In conversation with
The VP of Product Strategy for Cortex at Palo Alto Networks on collaboration during security incidents
It all comes down to collaboration.
I think the biggest challenge I see when it comes to security incidents is collaboration: how you collaborate and who you collaborate with.
If you think about a security incident, it starts in one corner, with somebody noticing some sort of anomaly. The first step is assigning that incident to an incident commander, an owner, whatever different teams call it. That person’s role is to quickly figure out whether it’s a real problem or not—there are false positives, and security products are known to have these challenges. False positive detection typically requires people to look at different tools to bring in the data, and at security information and event management systems.
So if you figured out it’s a real incident, then you need to figure out how severe the problem is. Does it involve data leak? To an external party? Does it involve an executive’s laptop being compromised, where the sensitive data could be harming the company in a big way? Do you need to involve legal? Do you need to involve HR? When you’ve assessed the severity, that drives: Who do I need to engage?
A playbook helps you prepare for future incidents.
Some organizations don’t have well-defined playbooks and processes. In those scenarios, what are you going to do in your post-incident review? What do you check against, to see if the incident was solved or not solved? But other organizations have very well-defined playbooks and processes, and what they check is adherence to those processes.
Some of those playbooks are used for quality assurance checks—you take, say, 20% of your incidents and assign them for a post mortem review. Did the incident commander or the owner follow the steps and the processes that they were supposed to follow? Has the right level of documentation been collected? Sometimes reviews of incidents with lots of complications don’t touch upon documentation. But if it becomes a compliance problem, or a big breach externally, you’ll need to disclose that you did do the right thing—has that been documented?
Keep your communication charts up-to-date.
I’ve seen organizations that don't even have communication charts: Who do I contact if this happens? Where is that documented? This comes back to collaboration: the specific communication challenges include knowing who to contact. People are leaving all the time. How do you keep that directory current? And some of this may be about process: What level of information can I share with this person? Do I need to get legal approval before I share certain things? What if it’s actually an insider threat—a problem with somebody on their team? Those are some of the challenges, and I don't think most organizations know who to contact, and what exactly they can share.

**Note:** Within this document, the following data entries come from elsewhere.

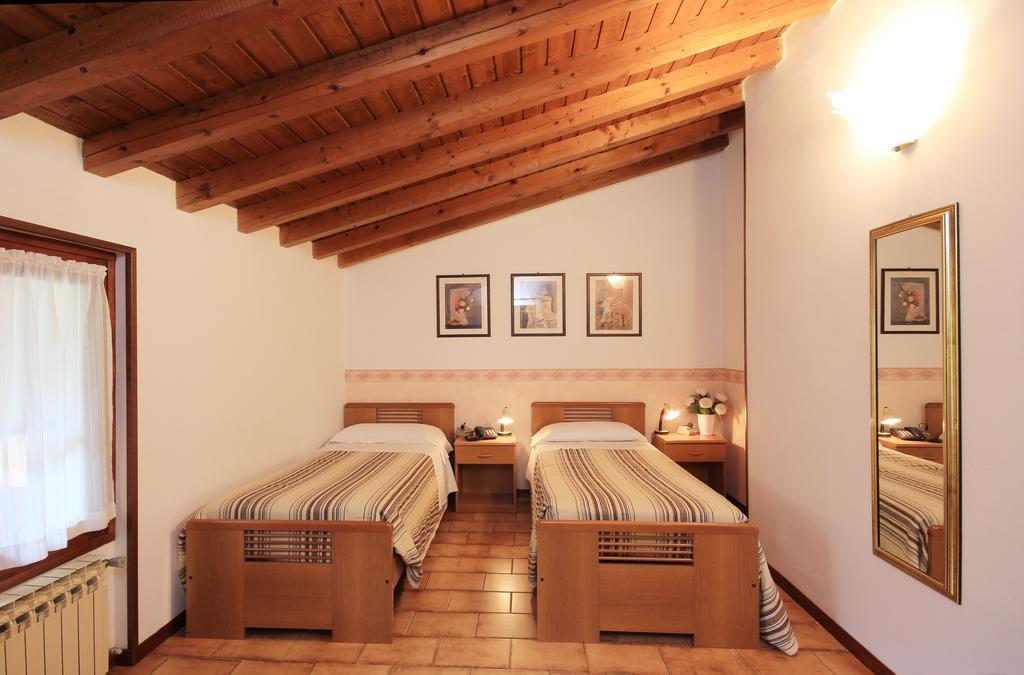 Hotel Colomber Гардоне Ривьера Экстерьер фото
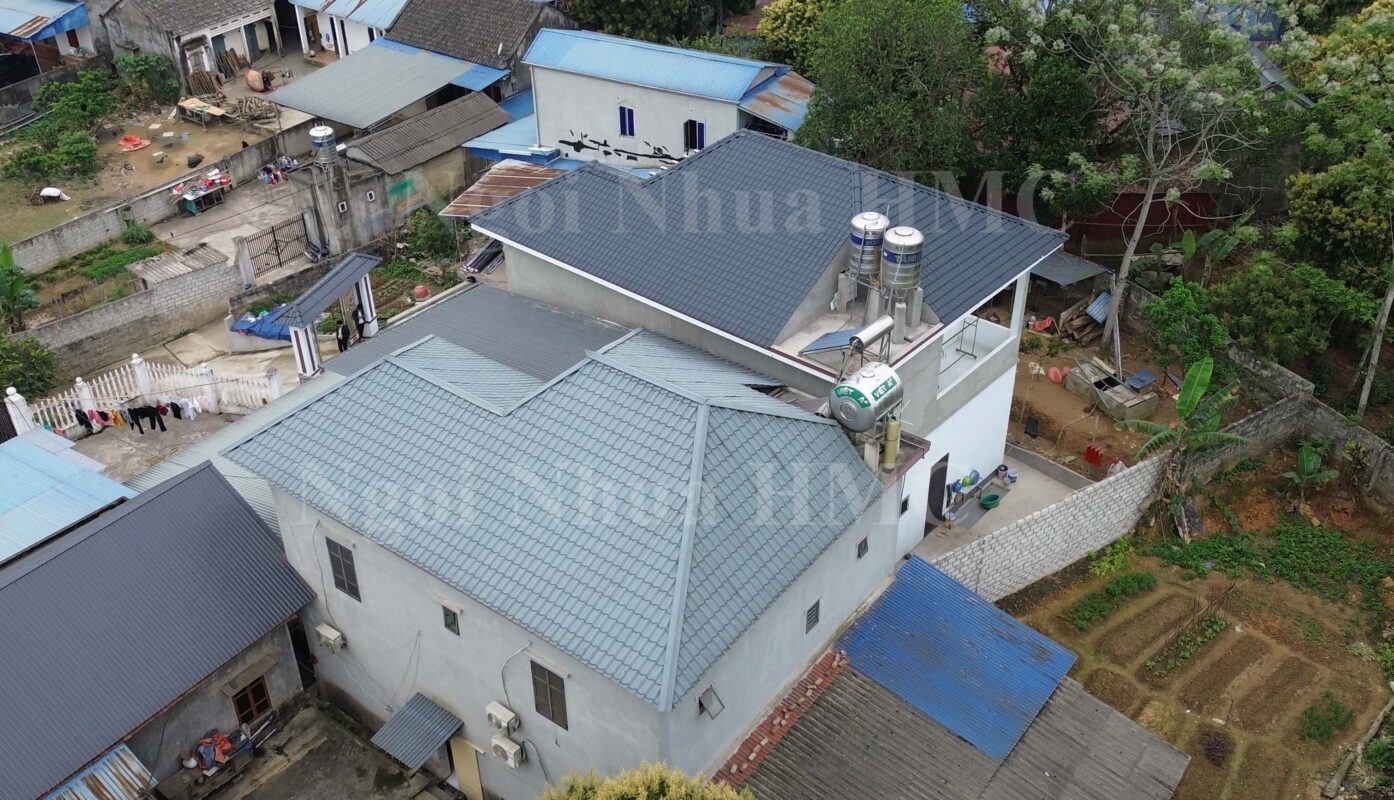 so sánh tôn sắt và ngói nhựa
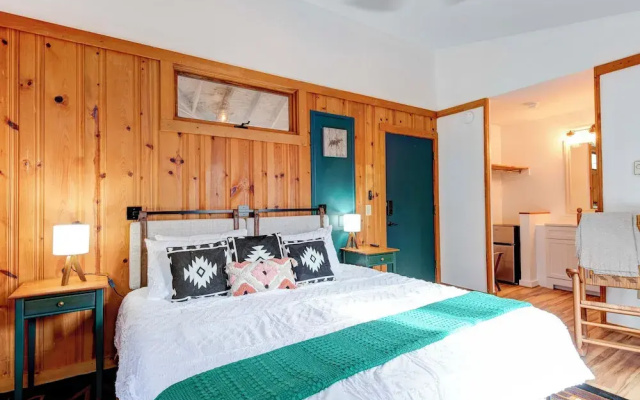 The Furry Lodge & Suites 13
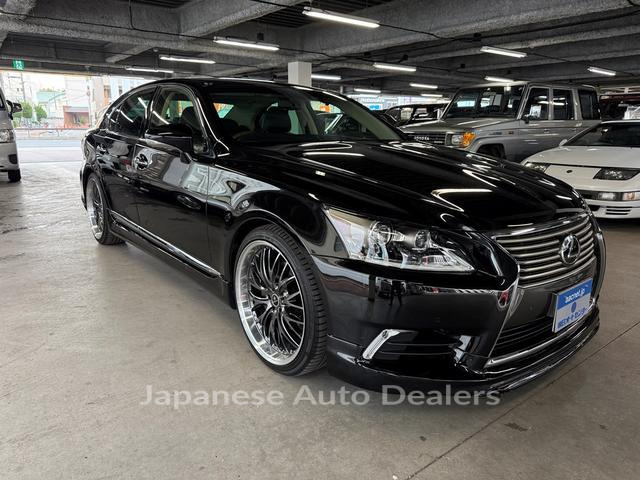 LEXUS LS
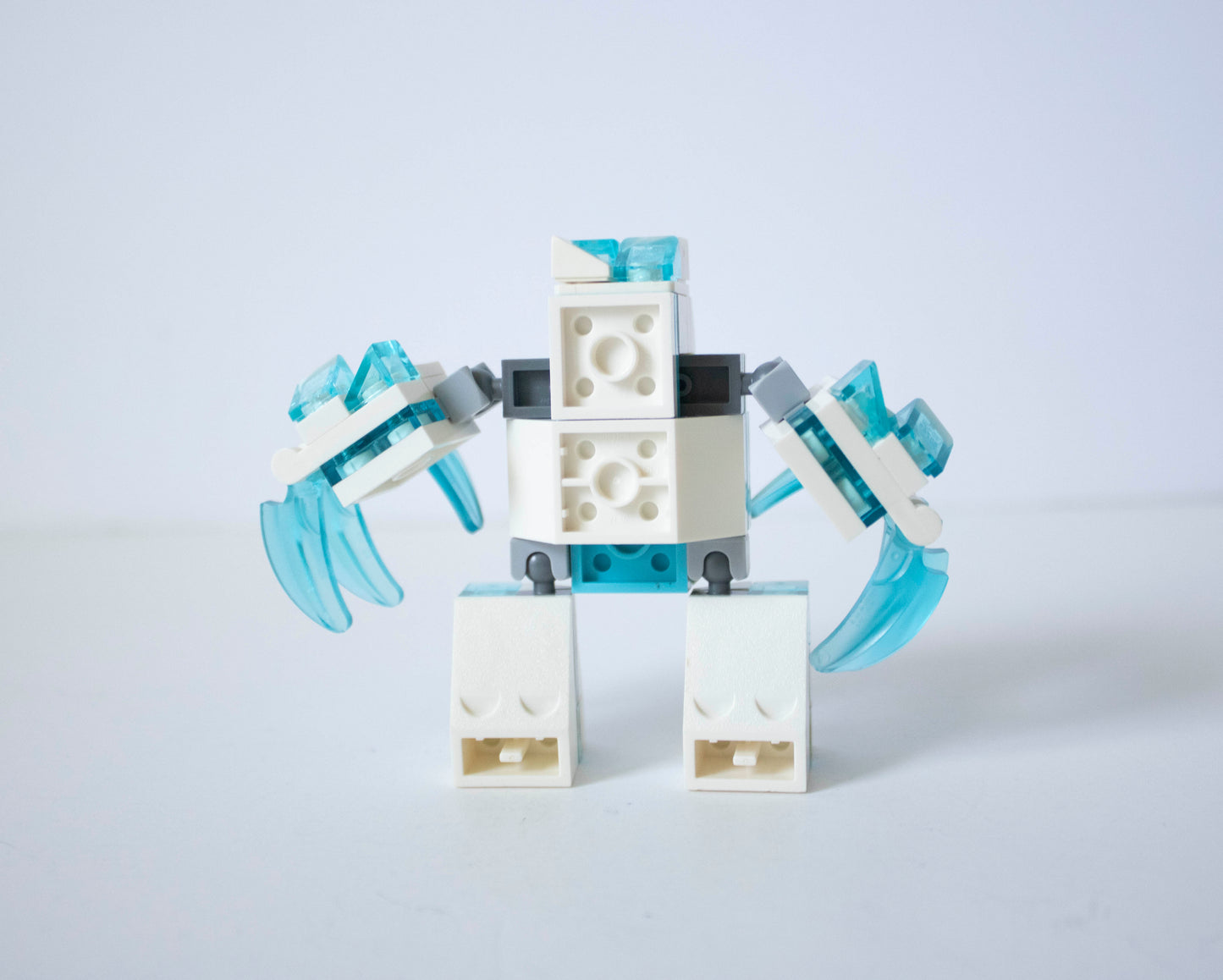 41148 Disney Frozen: Elsa's Magical Ice Palace (Marshmallow ONLY)
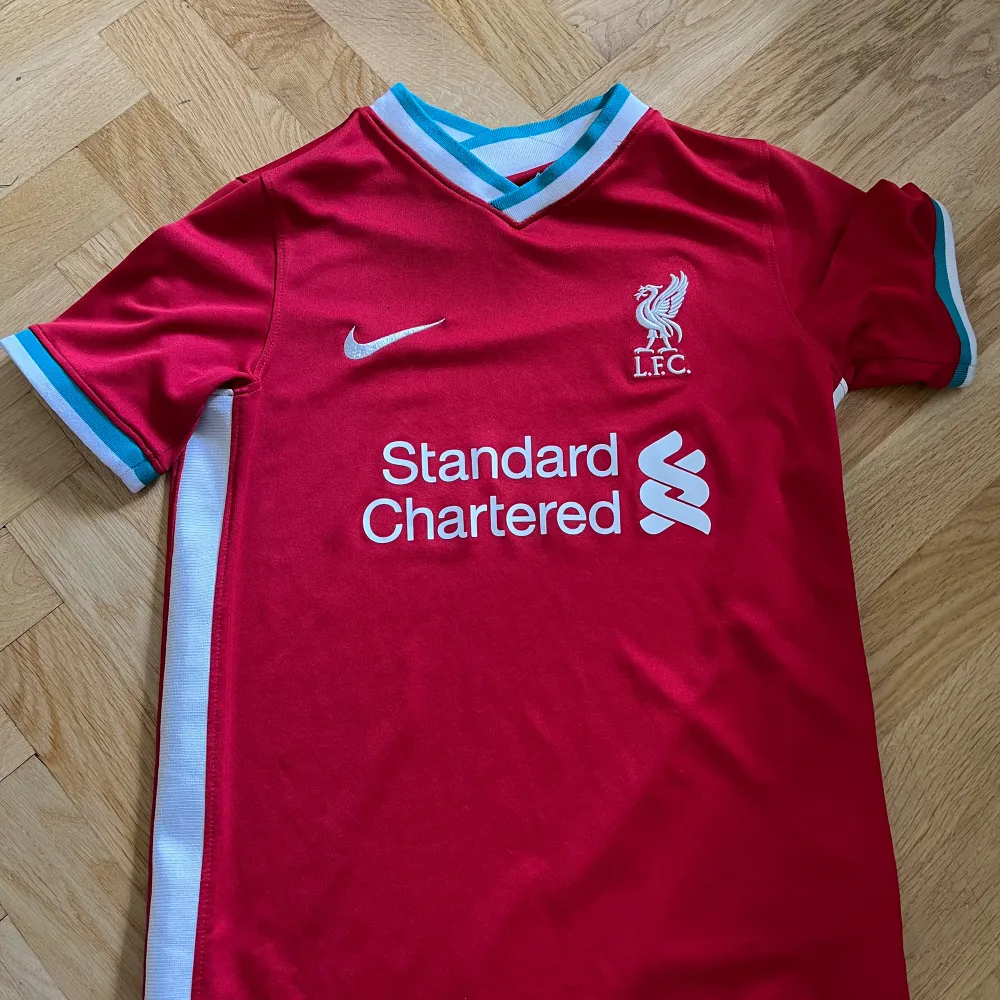 Fin liverpool tröja med väldigt bra skick. Sportswear.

People underestimate fire drills.
Many organizations don’t practice what I believe is a very, very critical piece: the tabletop exercise. People underestimate fire drills. When a real incident happens, people have less time to think—but if you’re able to document processes, and if you're able to make certain aspects of incident response second nature, then you go a long way towards creating more efficient ways to handle those incidents. And I think that's very, very often overlooked.
Breaking monotony can go a long way.
I’m a big proponent of giving every analyst some time to automate their job—there’s always some mundane work they have during the day that could be automated, so I’d encourage them to automate it. I’m also a big proponent of skill-building training, since the postmodern security world is changing very fast. Growth and breaking the monotony of the job is very critical: give them the opportunity to learn and build new skills, to challenge themselves in different ways. Even change the role. They were a firewall expert—now they become an endpoint expert. We don't realize monotony is a big part of what pulls people down, doing the same thing over and over. Change goes a long way.
Auto-documentation encourages communication and learning.
In a security incident, it’s not just about the person who’s on call—it’s also about doing an efficient handover.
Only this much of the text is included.